Sworn in on January 1, 2021, Willis quickly became one of the most visible local prosecutors in the country as she used Georgia’s anti-racketeering statute to frame alleged election interference as a coordinated criminal enterprise.[1] That strategy put her at the center of a broader national fight over how aggressively prosecutors should respond to challenges against certified election outcomes.

Georgia Senate Committee Hearing and Political Fallout

A Republican-controlled Georgia Senate special committee was formed in early 2024 to investigate allegations of misconduct by Willis related to the Trump election interference case.[1][4] At its latest hearing, senators questioned her about her background, how she runs her office, and how much public money her team spent on the prosecution.

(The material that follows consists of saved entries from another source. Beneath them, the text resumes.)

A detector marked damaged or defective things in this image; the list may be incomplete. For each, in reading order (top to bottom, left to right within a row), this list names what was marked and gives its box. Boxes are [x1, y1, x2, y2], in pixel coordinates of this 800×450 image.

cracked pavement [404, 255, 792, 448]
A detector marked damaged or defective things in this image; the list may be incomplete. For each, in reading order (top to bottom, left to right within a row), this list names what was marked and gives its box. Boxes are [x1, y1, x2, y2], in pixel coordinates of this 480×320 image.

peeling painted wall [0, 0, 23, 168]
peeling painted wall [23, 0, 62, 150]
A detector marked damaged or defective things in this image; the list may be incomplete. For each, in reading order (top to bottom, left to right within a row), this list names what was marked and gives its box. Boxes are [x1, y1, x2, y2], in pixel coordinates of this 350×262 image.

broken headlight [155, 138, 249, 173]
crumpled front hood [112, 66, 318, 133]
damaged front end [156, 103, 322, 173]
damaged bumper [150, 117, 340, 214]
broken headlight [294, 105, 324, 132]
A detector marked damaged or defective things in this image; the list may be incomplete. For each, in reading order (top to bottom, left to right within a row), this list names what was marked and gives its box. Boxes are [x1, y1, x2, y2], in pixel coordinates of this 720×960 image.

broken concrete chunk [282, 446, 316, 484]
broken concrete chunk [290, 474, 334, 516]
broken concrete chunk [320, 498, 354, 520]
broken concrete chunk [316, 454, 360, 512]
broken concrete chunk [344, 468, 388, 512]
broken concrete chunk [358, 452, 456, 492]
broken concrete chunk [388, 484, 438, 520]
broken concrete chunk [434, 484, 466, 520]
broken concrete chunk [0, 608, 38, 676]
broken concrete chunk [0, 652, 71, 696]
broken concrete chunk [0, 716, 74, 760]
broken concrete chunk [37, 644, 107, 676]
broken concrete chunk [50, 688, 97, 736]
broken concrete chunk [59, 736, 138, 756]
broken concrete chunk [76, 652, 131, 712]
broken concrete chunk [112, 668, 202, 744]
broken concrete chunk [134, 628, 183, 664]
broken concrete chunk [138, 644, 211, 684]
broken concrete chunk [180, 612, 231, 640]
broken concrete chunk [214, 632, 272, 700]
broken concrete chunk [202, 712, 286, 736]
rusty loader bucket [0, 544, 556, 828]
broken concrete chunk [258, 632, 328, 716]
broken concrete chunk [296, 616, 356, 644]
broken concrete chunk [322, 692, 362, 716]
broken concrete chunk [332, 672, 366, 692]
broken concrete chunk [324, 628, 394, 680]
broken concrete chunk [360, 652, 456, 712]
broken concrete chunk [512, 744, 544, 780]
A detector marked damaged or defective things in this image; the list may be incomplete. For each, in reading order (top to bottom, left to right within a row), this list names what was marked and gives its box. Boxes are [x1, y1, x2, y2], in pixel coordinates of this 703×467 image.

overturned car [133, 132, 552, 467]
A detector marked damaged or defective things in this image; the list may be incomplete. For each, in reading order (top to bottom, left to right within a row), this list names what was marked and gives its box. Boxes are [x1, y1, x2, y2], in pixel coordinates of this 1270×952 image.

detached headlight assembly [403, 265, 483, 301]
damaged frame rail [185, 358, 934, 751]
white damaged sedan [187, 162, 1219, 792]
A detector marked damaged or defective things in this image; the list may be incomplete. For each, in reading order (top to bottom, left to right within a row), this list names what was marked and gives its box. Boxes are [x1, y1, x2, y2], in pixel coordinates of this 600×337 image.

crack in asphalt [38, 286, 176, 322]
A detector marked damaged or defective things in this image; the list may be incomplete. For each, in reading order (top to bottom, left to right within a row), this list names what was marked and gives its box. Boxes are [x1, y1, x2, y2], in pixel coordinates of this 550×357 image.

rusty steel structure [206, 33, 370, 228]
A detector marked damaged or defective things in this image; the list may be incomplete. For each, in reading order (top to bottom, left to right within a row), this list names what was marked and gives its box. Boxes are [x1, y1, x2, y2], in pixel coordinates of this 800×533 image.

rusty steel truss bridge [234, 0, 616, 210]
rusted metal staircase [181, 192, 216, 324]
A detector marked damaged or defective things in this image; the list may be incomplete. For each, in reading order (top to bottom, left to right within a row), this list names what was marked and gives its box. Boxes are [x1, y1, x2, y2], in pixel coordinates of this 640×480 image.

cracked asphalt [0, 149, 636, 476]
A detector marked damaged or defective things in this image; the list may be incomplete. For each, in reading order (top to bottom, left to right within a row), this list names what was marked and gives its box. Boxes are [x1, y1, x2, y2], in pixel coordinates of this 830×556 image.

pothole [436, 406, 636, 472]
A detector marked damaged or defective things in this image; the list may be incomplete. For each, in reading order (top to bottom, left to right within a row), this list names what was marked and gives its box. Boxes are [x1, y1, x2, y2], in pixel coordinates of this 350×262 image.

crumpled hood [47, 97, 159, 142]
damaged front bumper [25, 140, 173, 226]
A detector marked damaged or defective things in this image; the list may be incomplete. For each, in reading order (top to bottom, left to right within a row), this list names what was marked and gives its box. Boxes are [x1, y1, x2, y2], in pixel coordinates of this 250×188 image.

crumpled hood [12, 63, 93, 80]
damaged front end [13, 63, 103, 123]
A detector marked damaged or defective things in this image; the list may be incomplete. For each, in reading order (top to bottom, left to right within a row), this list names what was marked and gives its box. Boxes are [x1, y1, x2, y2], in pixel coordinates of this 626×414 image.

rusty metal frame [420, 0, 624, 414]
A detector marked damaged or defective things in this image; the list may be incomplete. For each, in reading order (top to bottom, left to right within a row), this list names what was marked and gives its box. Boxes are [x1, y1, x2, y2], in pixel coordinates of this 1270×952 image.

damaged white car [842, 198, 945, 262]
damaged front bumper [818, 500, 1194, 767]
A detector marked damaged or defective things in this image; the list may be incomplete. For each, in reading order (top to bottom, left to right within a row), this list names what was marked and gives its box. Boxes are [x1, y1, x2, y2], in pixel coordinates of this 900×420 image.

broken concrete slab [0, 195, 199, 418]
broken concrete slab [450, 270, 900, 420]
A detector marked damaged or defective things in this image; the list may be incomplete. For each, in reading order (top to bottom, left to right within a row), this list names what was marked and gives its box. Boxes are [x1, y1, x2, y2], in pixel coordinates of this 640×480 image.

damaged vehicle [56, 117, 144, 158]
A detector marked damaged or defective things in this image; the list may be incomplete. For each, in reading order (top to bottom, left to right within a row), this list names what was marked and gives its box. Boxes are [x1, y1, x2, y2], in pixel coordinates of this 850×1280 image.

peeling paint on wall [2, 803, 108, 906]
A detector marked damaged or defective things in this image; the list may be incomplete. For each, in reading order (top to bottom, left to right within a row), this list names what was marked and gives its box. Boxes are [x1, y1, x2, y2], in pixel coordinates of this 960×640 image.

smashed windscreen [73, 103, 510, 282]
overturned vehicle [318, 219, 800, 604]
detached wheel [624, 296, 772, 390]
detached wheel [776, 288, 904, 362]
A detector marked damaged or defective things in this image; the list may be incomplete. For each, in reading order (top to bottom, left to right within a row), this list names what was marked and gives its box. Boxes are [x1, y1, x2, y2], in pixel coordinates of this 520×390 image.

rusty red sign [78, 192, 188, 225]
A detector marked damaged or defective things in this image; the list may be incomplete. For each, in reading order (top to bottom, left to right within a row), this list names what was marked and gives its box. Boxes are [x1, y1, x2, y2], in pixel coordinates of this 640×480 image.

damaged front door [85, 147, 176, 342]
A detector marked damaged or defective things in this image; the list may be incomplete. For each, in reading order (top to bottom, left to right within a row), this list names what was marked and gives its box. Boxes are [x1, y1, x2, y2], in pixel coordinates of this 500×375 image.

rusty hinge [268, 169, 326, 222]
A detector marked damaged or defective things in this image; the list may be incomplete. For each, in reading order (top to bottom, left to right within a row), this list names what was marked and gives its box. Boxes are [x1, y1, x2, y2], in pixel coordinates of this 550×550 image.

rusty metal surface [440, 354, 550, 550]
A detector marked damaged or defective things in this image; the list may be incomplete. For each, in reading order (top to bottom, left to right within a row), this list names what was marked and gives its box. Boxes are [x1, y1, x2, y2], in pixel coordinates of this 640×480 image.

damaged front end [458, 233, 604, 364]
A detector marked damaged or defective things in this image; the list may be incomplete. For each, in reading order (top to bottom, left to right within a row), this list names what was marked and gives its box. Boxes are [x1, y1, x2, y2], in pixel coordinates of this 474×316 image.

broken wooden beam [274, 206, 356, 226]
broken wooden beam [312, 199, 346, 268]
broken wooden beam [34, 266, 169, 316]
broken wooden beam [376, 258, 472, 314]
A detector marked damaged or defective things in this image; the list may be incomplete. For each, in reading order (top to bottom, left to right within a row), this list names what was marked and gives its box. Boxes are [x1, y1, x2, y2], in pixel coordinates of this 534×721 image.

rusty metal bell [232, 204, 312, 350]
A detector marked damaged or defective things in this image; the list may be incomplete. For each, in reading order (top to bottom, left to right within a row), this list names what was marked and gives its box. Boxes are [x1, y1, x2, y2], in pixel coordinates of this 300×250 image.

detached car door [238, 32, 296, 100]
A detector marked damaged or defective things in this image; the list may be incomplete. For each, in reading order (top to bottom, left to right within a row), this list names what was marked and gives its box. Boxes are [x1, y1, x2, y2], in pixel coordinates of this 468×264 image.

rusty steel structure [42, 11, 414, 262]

Willis pushed back strongly, declining to provide a specific total for the case’s cost but arguing that any amount was justified because the defendants had tried to undermine the voting rights of Georgians.[1] She also denied accusations that she planned to prosecute Trump before she took office, calling that claim “a lie” and emphasizing that she could not foresee crimes that had not yet occurred.[1] Her attorney, former governor Roy Barnes, has criticized the inquiry as a partisan “witch hunt,” while her campaign has urged supporters to view the hearing as an attack meant to distract her from her duties.[1]

Ethics Allegations, Nathan Wade, and the Case’s Impact

The Senate committee has focused especially on Willis’s decision to hire attorney Nathan Wade as a special prosecutor in the Trump case and on allegations that the two had a romantic relationship while Wade was being paid with public funds.[1][4] Lawmakers claim this created a conflict of interest and misled taxpayers, while Willis insists she hired Wade because her office was overwhelmed with major cases and needed his experience.[1]

In response to a defense motion in early 2024, a judge held a high-profile hearing where Willis and Wade testified about their relationship and denied that it tainted the prosecution.[1] The judge found a “tremendous lapse in judgment” but initially allowed Willis to remain on the case if Wade resigned, which he did.[1] Subsequent developments, however, led to Willis’s removal and a separate prosecutor’s decision to dismiss the remaining charges, leaving the once sweeping Georgia election interference case defunct.[1][4] The fallout has reshaped expectations for future election-related prosecutions and intensified partisan battles over how far prosecutors can go when charging powerful political figures.